From a loving daughter-in-law - Go 26! This was a great story, and even better was to see the smiles on their faces today as they were driven out on to the football field in Golf carts. Their sons, daughters, grandchildren and other family & friends there to celebrate their recognition. The recognition of their football contribution as well as Military contributions back then will probably add many more happy years of life to them. Not to mention the stories they get to share with all of us! Thank you for sharing this heartwarming story with the Hampton Roads area. ps. It is time Hampton Roads get football back - we are so blessed to have ODU in this area!

Thank You Pilot....

for a heart-warming story. It's nice to read stories of our past generation. It's truly a great service to remember these folks and share learn about what they went through.

Congratulations

To the past and present ODU football players, congratulations on this historic event for the ODU athletic program. With hope, this will eventually increase educational opportunities for football players in the form of scholarships and add entertainment value for the community. To the present and future students at ODU, keep a tight grip on your wallet and aim to graduate as soon as possible.

Always Great

It is always good to see a story about those who were the "Greatest Generation."

Great Job!

I love reading stories like this!

what took us so long?

To those of us who never thought this day would ever come. I'm proud that ODU would bring these gentlemen back and honor them not solely based on their football ability, but also because of their service to the country. It was a great day when football was brought back to the school, and an even greater one when they take the field for the first time.

One of a kind!

What a great story!

Johnny Brown is one of my "all time Heroes". He was Asst. Principal when I was at Granby High School in 1967, and was loved by all!

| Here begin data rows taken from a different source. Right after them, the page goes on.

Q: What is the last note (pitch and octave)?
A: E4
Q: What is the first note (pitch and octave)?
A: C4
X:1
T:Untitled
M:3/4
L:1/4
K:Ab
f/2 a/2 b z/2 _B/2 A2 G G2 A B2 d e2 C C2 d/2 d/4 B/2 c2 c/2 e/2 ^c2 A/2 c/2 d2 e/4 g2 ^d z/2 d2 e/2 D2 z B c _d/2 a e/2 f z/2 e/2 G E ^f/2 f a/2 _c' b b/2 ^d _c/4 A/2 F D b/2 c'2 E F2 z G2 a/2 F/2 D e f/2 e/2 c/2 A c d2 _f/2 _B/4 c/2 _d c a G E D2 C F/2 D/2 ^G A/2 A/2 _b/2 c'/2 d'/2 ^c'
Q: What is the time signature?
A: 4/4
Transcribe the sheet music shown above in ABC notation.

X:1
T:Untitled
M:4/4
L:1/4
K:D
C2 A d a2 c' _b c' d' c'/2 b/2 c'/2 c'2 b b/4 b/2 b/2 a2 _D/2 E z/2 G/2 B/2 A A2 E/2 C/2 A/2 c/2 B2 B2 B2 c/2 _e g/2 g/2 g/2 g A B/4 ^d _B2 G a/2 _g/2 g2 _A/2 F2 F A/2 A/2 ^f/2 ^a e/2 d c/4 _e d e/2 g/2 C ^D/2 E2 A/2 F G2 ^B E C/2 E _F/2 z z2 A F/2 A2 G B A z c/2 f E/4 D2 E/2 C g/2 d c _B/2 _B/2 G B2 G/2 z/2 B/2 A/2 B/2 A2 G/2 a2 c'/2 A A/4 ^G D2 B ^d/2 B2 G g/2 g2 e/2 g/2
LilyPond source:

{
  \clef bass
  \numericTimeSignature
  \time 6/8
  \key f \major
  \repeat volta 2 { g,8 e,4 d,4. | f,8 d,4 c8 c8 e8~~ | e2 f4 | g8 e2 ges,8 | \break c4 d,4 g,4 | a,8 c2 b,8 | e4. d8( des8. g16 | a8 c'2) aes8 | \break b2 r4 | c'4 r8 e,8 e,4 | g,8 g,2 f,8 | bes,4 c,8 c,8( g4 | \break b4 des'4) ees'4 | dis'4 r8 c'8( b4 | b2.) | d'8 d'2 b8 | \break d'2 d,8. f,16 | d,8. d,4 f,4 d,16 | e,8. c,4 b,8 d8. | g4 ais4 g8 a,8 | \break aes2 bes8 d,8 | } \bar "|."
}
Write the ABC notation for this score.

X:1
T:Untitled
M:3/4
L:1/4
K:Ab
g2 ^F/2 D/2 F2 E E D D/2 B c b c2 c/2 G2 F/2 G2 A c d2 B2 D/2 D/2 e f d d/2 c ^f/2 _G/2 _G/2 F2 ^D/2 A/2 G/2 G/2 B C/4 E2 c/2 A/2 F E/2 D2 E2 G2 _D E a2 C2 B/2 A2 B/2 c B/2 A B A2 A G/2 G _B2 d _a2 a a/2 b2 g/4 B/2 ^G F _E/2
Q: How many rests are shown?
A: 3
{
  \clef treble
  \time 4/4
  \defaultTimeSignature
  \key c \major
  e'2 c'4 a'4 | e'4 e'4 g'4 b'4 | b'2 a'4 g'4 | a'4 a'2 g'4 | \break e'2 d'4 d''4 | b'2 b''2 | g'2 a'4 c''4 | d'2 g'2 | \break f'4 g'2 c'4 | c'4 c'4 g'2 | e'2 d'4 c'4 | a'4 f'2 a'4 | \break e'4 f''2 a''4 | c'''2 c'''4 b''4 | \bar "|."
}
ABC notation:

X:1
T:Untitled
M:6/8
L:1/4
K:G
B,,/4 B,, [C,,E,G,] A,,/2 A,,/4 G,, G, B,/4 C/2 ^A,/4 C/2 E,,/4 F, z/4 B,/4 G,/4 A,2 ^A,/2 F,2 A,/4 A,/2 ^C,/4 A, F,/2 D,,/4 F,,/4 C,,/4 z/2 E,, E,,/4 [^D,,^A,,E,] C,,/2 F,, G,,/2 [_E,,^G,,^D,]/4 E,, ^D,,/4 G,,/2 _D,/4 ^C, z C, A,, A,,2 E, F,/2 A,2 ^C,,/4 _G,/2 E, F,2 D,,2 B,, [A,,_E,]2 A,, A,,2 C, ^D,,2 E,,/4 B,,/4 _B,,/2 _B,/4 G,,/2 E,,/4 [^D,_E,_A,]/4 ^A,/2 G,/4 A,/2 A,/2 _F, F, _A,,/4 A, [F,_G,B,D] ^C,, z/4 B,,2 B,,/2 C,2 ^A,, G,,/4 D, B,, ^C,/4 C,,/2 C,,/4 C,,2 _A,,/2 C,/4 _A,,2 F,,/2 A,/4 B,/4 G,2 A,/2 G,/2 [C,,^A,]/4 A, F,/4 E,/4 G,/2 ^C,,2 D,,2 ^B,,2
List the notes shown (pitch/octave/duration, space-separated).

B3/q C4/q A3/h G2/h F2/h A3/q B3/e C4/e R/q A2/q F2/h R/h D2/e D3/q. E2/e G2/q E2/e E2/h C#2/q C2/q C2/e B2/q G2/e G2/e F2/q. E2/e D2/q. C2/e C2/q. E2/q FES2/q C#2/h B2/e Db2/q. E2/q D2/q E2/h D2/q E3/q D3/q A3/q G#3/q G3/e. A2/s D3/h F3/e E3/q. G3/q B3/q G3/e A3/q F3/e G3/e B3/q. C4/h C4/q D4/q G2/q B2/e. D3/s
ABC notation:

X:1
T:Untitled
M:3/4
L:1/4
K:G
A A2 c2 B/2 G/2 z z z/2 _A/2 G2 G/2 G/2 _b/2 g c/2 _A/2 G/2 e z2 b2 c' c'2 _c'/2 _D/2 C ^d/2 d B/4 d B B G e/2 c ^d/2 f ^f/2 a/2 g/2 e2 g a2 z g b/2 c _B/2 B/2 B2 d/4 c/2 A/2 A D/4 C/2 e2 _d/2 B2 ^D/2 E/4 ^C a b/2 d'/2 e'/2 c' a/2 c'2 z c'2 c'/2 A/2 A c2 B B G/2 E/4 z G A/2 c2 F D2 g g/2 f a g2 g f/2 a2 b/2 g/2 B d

I had the privilege of traveling with Johnny & his adorable wife Betty to the Bahamas, the Preakness, Park City, Utah, etc. He truly should have been a stand-up comic..........ALWAYS in a happy mood and could charm anyone!

I haven't checked, but he should DEFINITELY be in the Virginia Sports Hall of Fame! In addition to his contributions to the Navy track team and other volunteer activities........he is in a "League of his Own!"

Go, JOHNNY, Go!

Suit them up

Nice video. I hope there is something of a display at Foreman Field that recognizes these players. Or better yet, suit them up, I heard we're a little banged up. We could use these guys!